Curve of Earth


The beautifully dark country-Americana and vivid lyricism on Curve of Earth is a fitting introduction to songwriter Sam Swinson's autobiographical journey through indoctrination and addiction; an endlessly inviting confession from his past battles with substance abuse, and the religious demons lingering from his upbringing in a fundamentalist evangelical cult. For an in-depth look into the story of Ohtis’ journey, read on…


Ohtis originally formed when Swinson and co-founder Adam Pressley were sophomores at high school in Normal, Illinois. They self-released their first material on small run CD-Rs while still teenagers, primarily to a local audience. Their partnership has defined Ohtis, accompanied by a revolving cast of local musicians joining the live act over the years, including re-joining mainstay member and multi-instrumentalist Nate Hahn.


By around 2009, Swinson's addiction had become life-threatening. Weighing the odds of maintaining a creative partnership in those conditions, Pressley and Hahn decided to distance themselves and the band dissolved. They kept in touch whilst living in different parts of the country, swapping ideas and songs online, never planning to release them, in equal parts because of their traumatic falling-out, and Sam’s ongoing addiction to heroin. 

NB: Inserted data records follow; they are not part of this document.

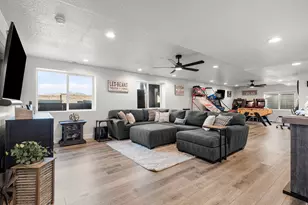 8341 S Jayson Dr, West Jordan, UT 84081 - Photo 30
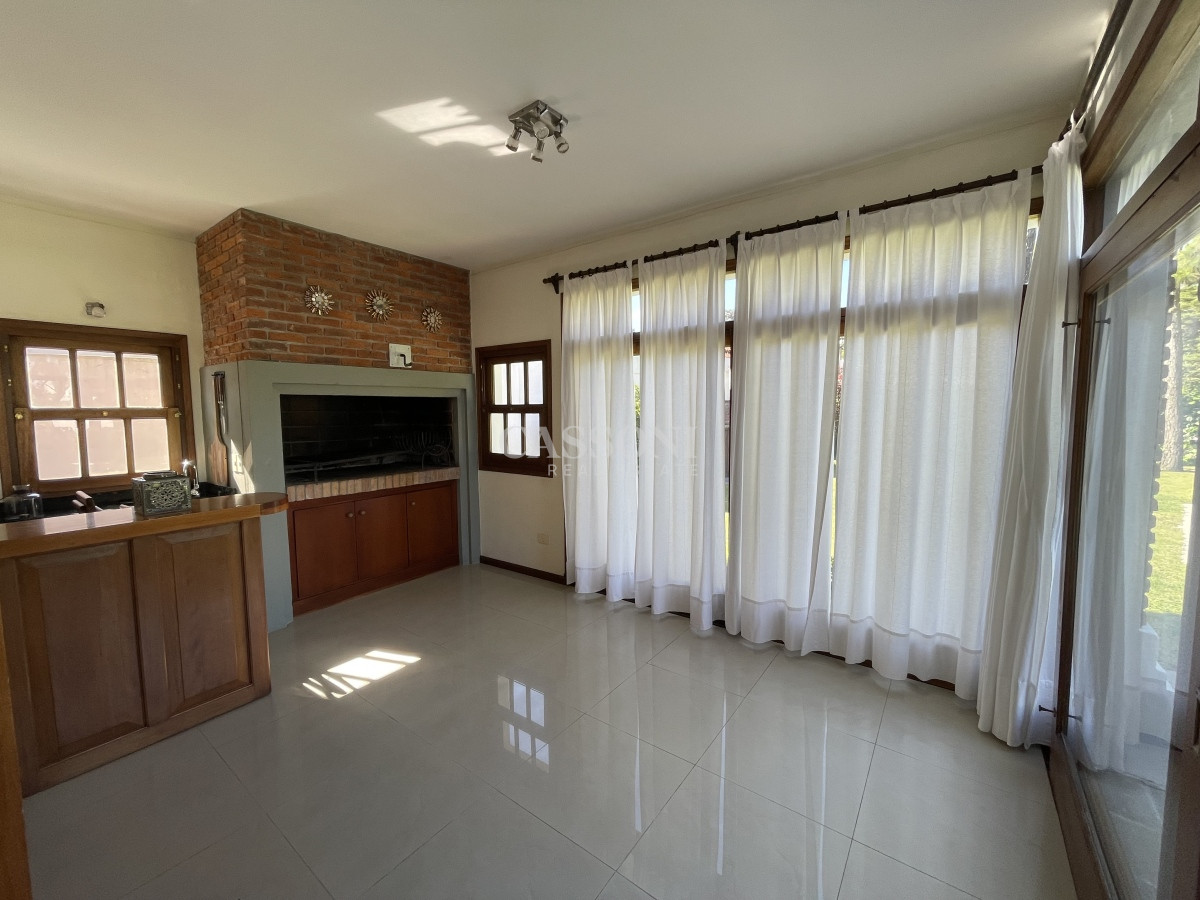Casa ID.2757 - Mansa, selecta propiedad con gran capacidad, pileta climatizada y muy bien equipada.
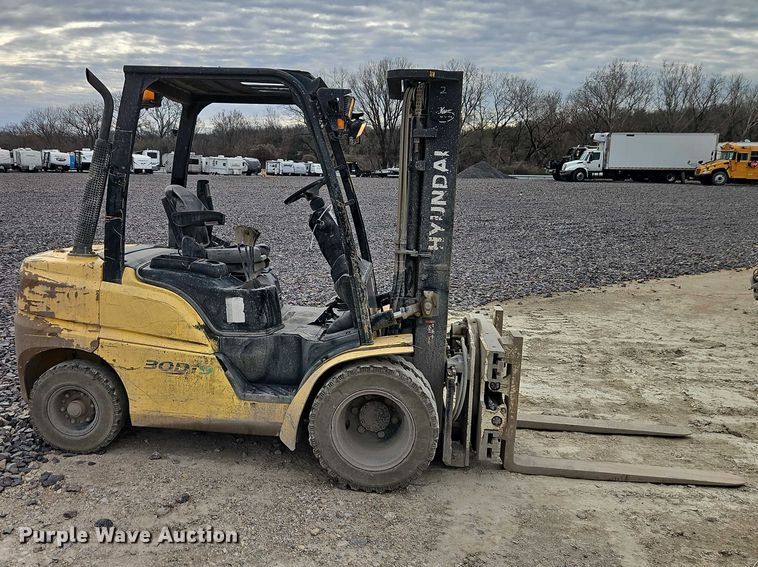 image for item YA2969 Hyundai 30D-9 forklift
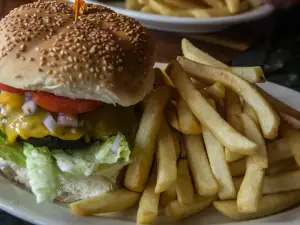 Stones Pub & Eatery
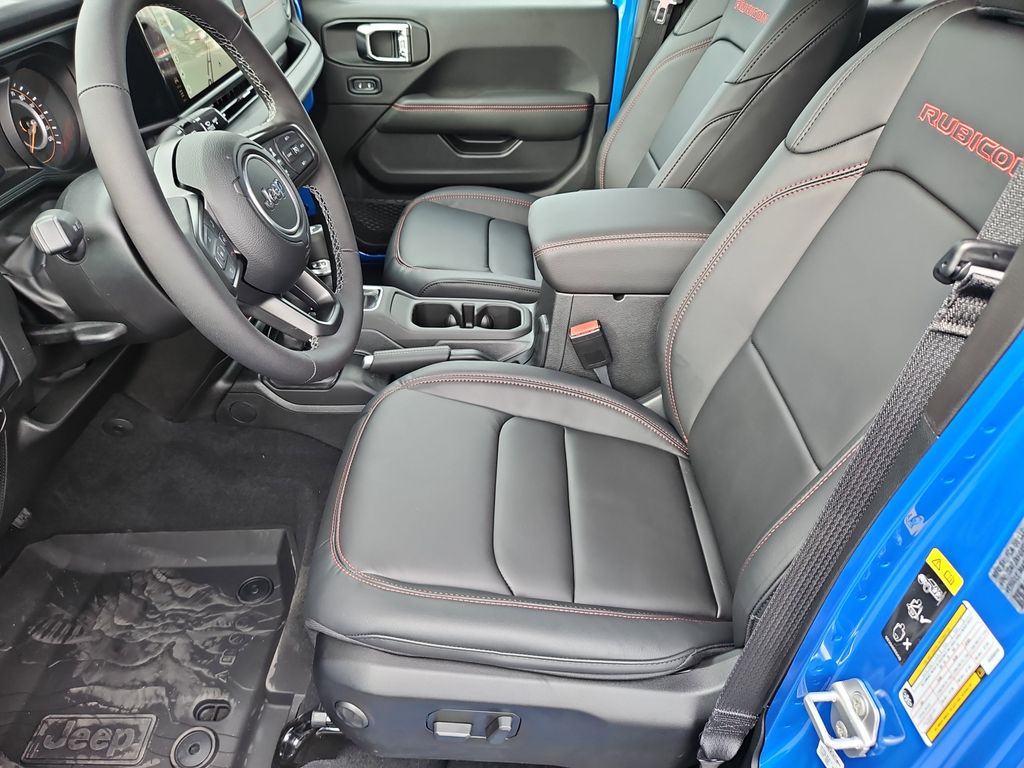 2025 Jeep Wrangler 4-Door Rubicon - Photo 6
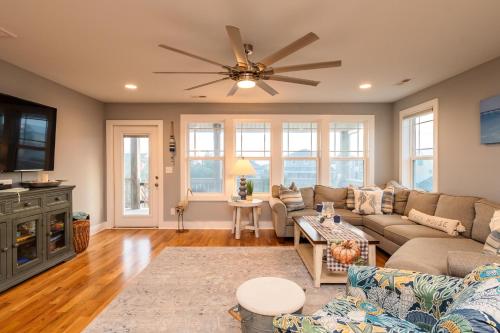 Beach 45 by Oak Island Accommodations - photo 8
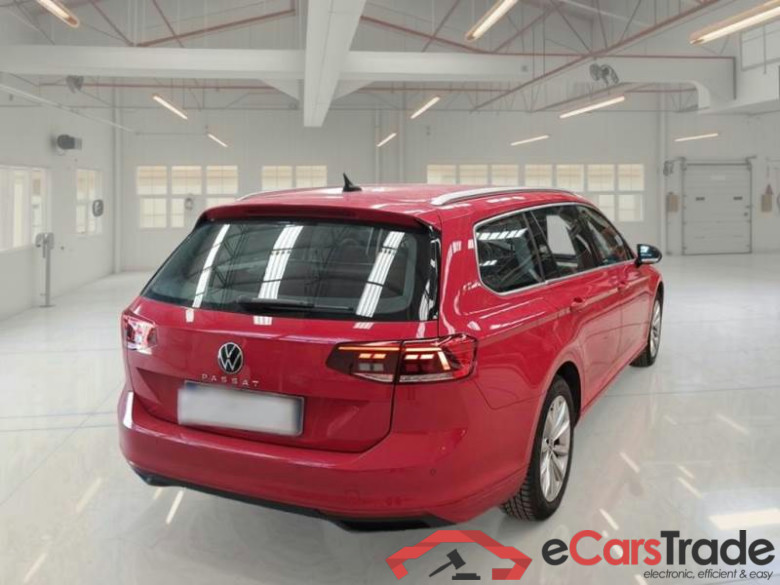 VOLKSWAGEN PASSAT / 2019 / 5P / STATION WAGON VAR. 2.0TDI SCR EVO 110KW BUSINESS DSG #2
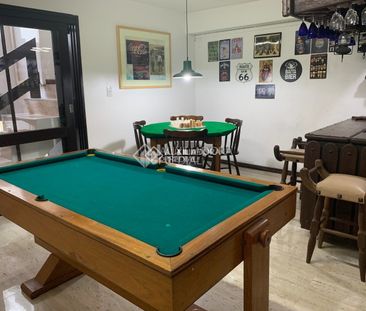 Casa com 4 quartos e 400m² para alugar em Ouro Branco, Novo Hamburgo. - Foto 5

Redemption eventually came in the form of sobriety for Swinson. After making 9th step amends to both of his re-joining bandmates, they brought Ohtis back to life; unfazed by the 2000 miles that now separate them geographically, with Pressley and Hahn in Detroit and Chicago and Swinson in Los Angeles. Sam would record voice demos on a hand-held recorder given to him by a friend who tragically passed away following an overdose. Songwriting happened with his bandmates in lengthy stretches, spurred by phone calls, emails, and revisions.


At times unbearably sparse, at others lush, Curve of Earth is a brutal yet alluring creative achievement.  “The songs happen spontaneously,” he explains. “I like to do it that way. The songs have been around for so long, and they weren’t intended to be on a record, but they kind of seemed to follow my life as it was happening. All those songs felt like they would fit with each other on an album.”

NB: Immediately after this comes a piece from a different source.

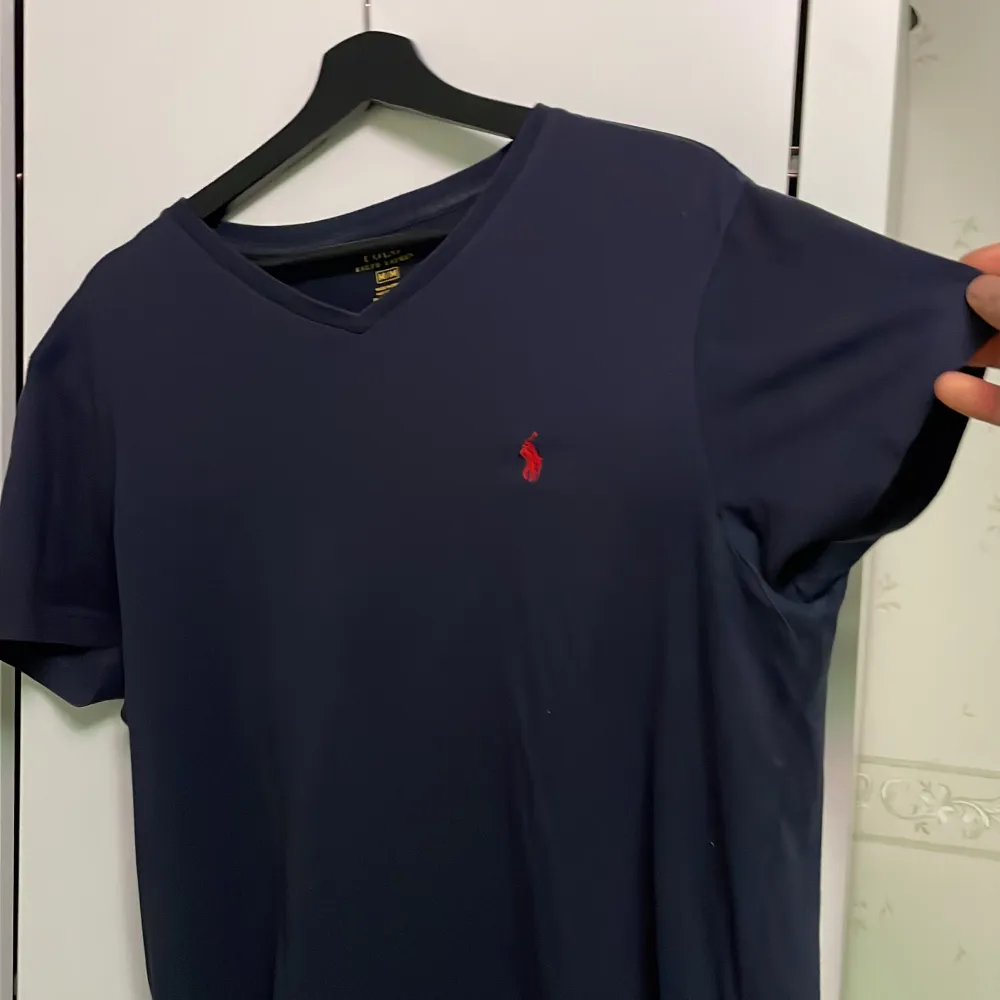 Navy färgad v-ringad t-shirt köpt från Ralph Lauren Polo i New York. Använd 2 gånger, nypris 499kr. Så priset är absolut inte prutbart. (Stor i storlek). T-shirts.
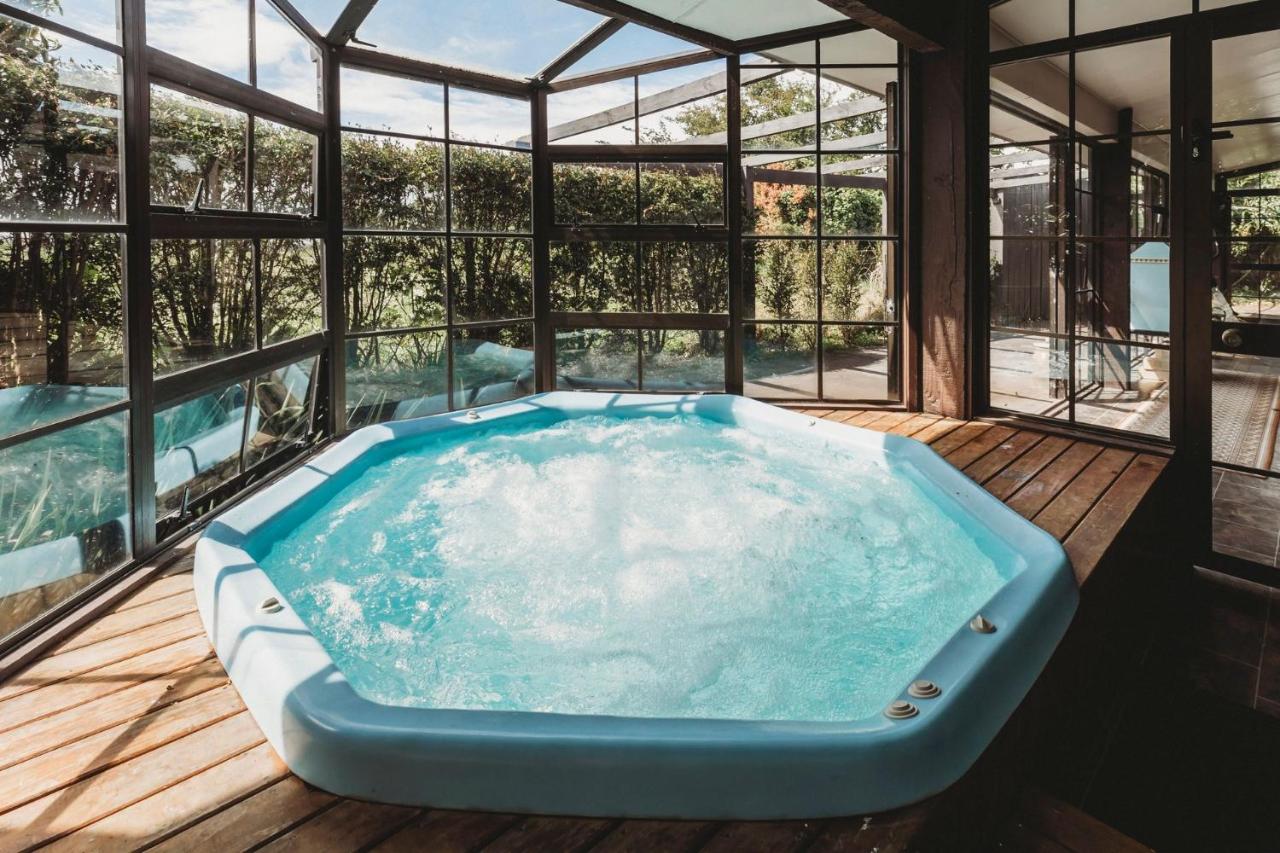 B&B New Plymouth - Family Fun Swimming Pool Spa Pool - Bed and Breakfast New Plymouth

Having been through two separate spells in rehab, Sam Swinson’s life has changed utterly, and it’s also prompted an evolution within Ohtis, and the way they approach music. “It’s similar,” he muses. “My life isn’t as crazy, but it’s still pretty crazy. I’m still dealing with a lot of the same issues, with a similar feel.”


This vein of humanity, this empathetic streak means that even at its darkest Curve of Earth remains a striking, inspiring experience. Lead single ‘Runnin’ emerged from a post-rehab wilderness, and it aims to forge links with others on the fringes of society.


“Sam's beautiful encapsulation of recovery principles among the descriptions of his own struggle and redemption with sobriety in ‘Runnin’ was a major factor drawing me back to the band when they reformed,” Nate explains. Sam went to a self-made hell, and when he came out the other side he found a support group waiting for him, which had always been there, in Ohtis.


The links that run through Ohtis’ songwriting reflect the bonds in the project itself; driven apart by addiction, they were pulled together by music, made stronger by their experiences. “Adam is like a brother to me,” insists the singer. “We’ve been through a lot together. And Nate too. He’s been through equally as much, he’s been playing with us for a really long time, and he was right in the thick of the worst of it. We’ve all been through a lot together.”


This weight of experience is what gives Curve of Earth its incredible power. Beguiling, entrancing, yet unrelentingly honest, it maintains a powerful hold on the listener long after the final note fades. “I would hope it’s helpful for people,” Sam states. “The conversation about addiction, it’s like any other mental illness society tends to sweep under the rug. Talking openly about it allows people who haven’t been exposed to recovery at all, who are still afraid and in denial and worried about the stigma, to transcend the shame keeping us sick.”


Curve of Earth is a beautiful, shocking, deeply emotional experience, informed by Sam’s issues but finding hope in the bleakest moments. “It feels like a long time coming,” he says. “We’re ready.”